ACTION ITEM — The output must start at the line containing "Patterned Velvet Shirt" in the records below and stop at the last line, matching each line exactly and leaving out every picture.

Short descriptive text snippets —
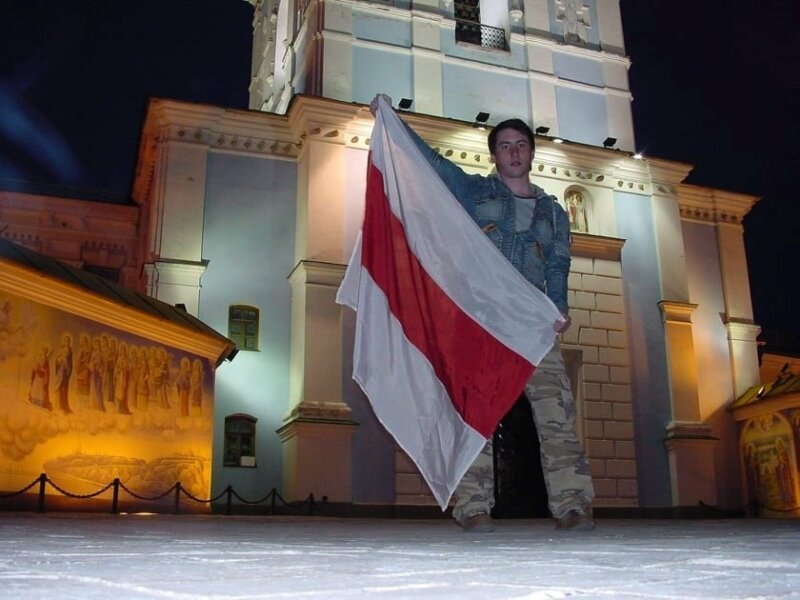 Микола Ільїн у 2006 році, акція на підтримку опозиції до Лукашенка, Київ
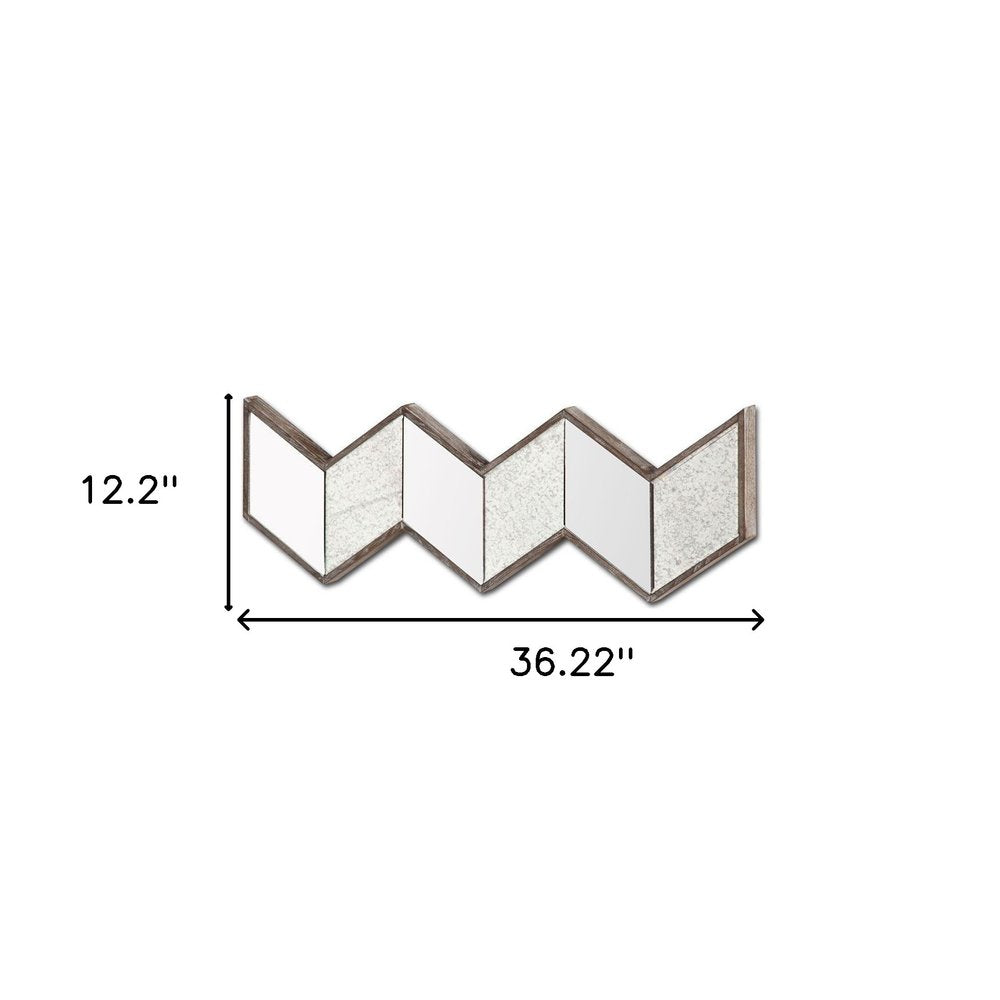 12" Natural Novelty Wood Framed Accent Mirror HomeRoots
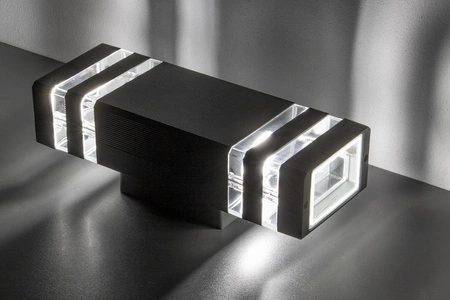 Garten Wandleuchte Double top down INEZ DUO LED 2x GU10 ALUMINIUM Dunkelgrau IP54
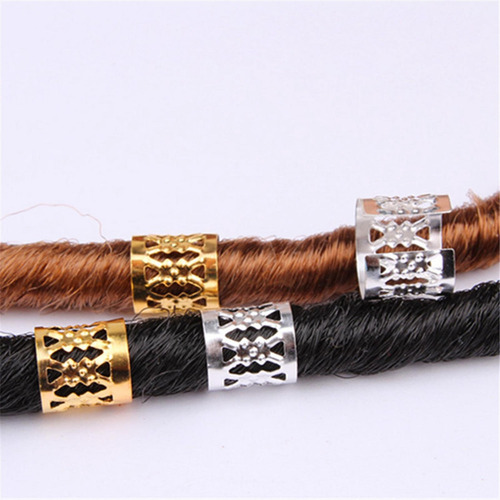 4 X 400x Contas De Cabelo Dreadlocks, Punhos De Metal Contas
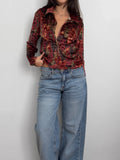 Patterned Velvet Shirt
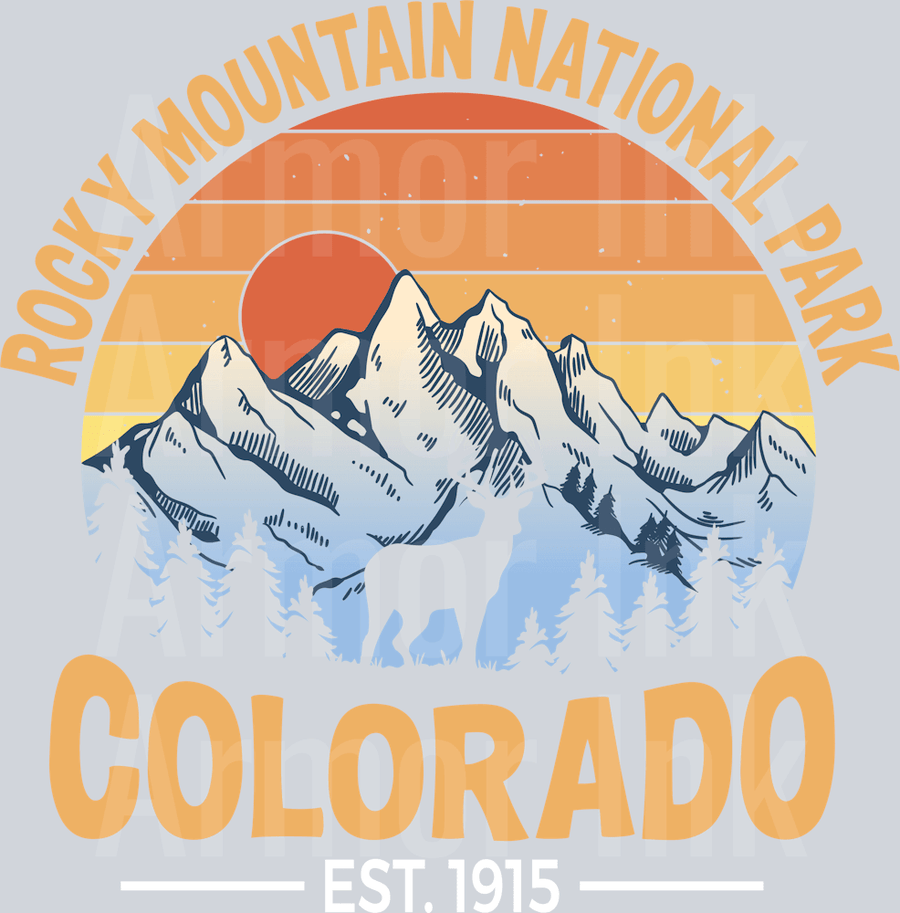 Rocky Mountain National Park Colorado DTF transfer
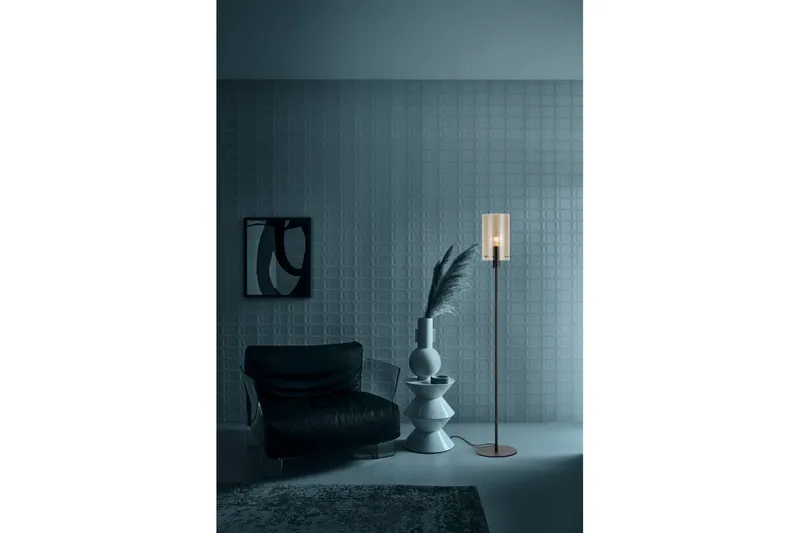 Golvlampa Eglo Polverara Svart/Amber - Belysning & el - Inomhusbelysning & lampor - Sovrumslampa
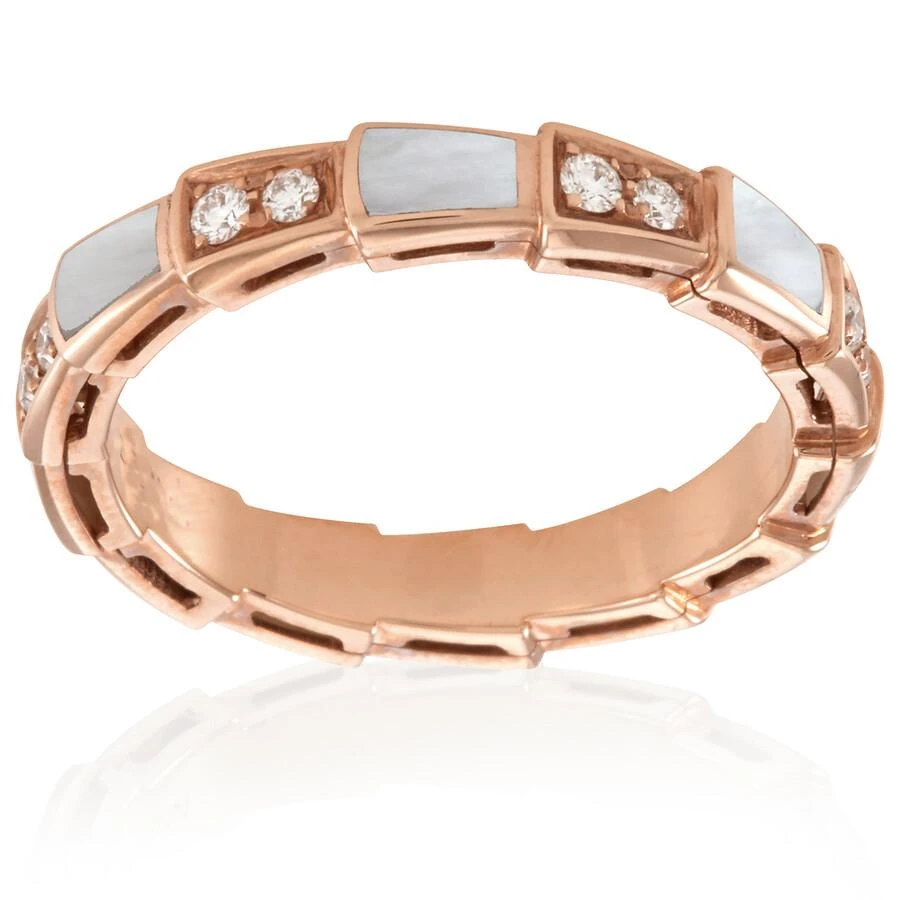 BVLGARI Serpenti Viper 18k Rose Gold 0.21 CT 1 Band Ring 3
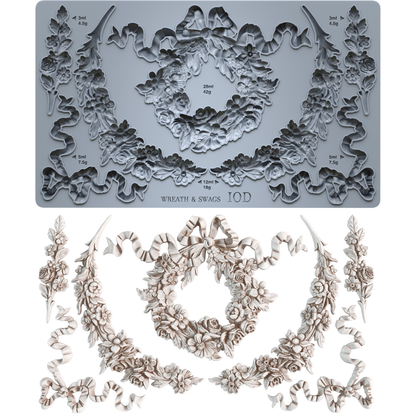 Iron Orchid Designs - Decor Mould - Wreath & Swags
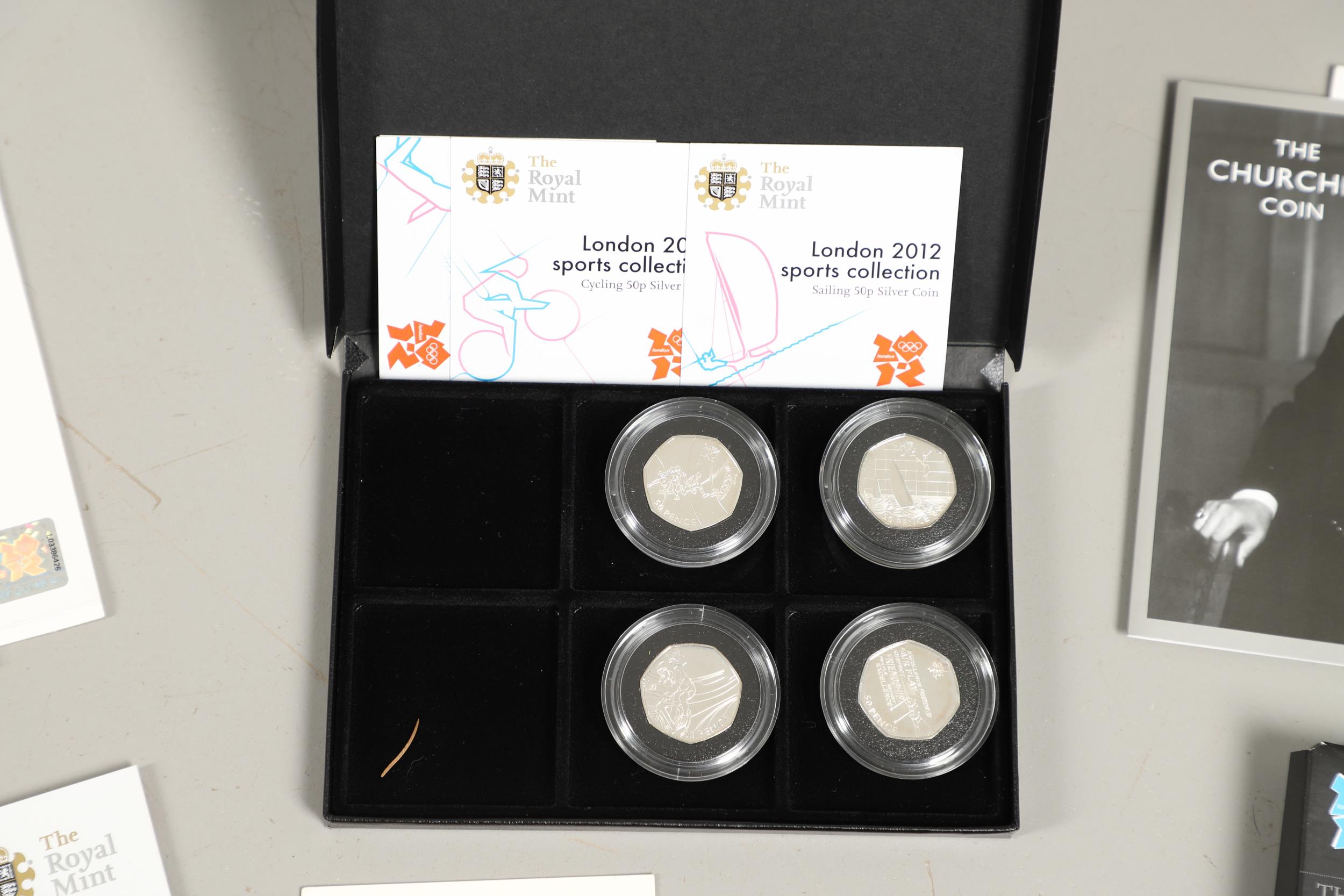 A COLLECTION OF ROYAL MINT AND OTHER RECENT OLYMPIC GAMES RELATED ISSUES TO INCLUDE THE THREE INGOT - Bild 7 aus 19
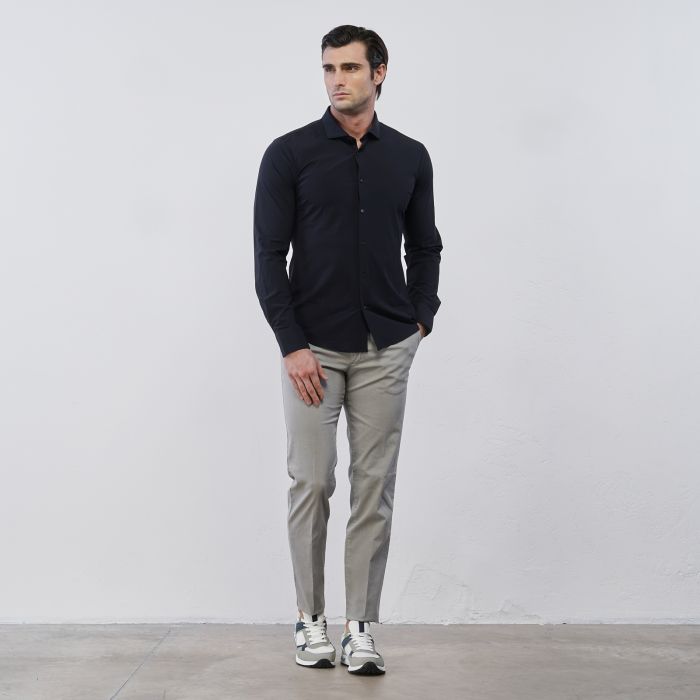 Pantaloni lunghi grigi Koxo da uomo in cotone con tasche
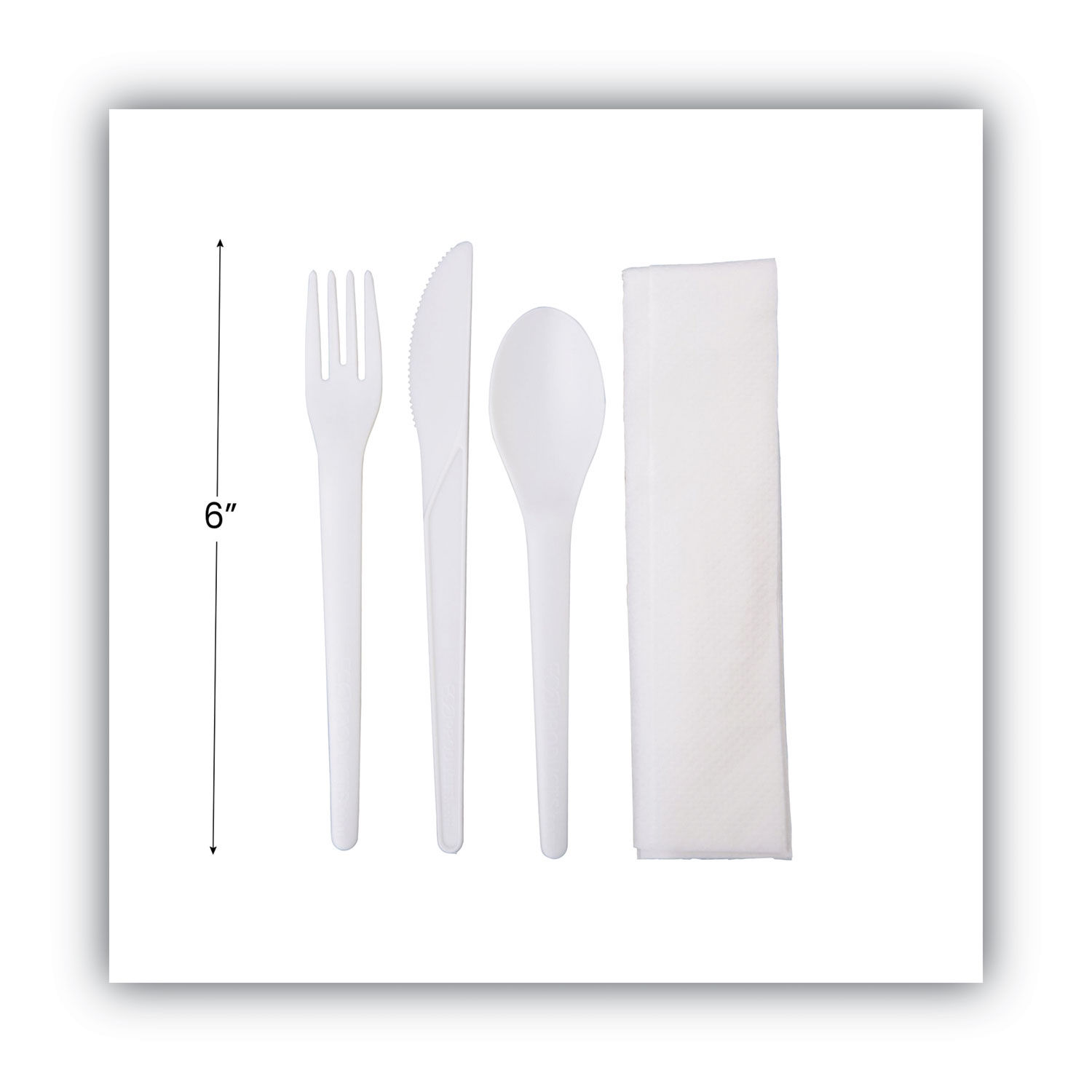 Plantware Compostable Cutlery Kit by Eco-Productsandreg; ECOEPS015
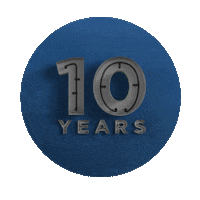 10 Years Sticker by GlobalPro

OUTPUT OF THE TASK —
 Patterned Velvet Shirt
 Rocky Mountain National Park Colorado DTF transfer
 Golvlampa Eglo Polverara Svart/Amber - Belysning & el - Inomhusbelysning & lampor - Sovrumslampa
 BVLGARI Serpenti Viper 18k Rose Gold 0.21 CT 1 Band Ring 3
 Iron Orchid Designs - Decor Mould - Wreath & Swags
 A COLLECTION OF ROYAL MINT AND OTHER RECENT OLYMPIC GAMES RELATED ISSUES TO INCLUDE THE THREE INGOT - Bild 7 aus 19
 Pantaloni lunghi grigi Koxo da uomo in cotone con tasche
 Plantware Compostable Cutlery Kit by Eco-Productsandreg; ECOEPS015
 10 Years Sticker by GlobalPro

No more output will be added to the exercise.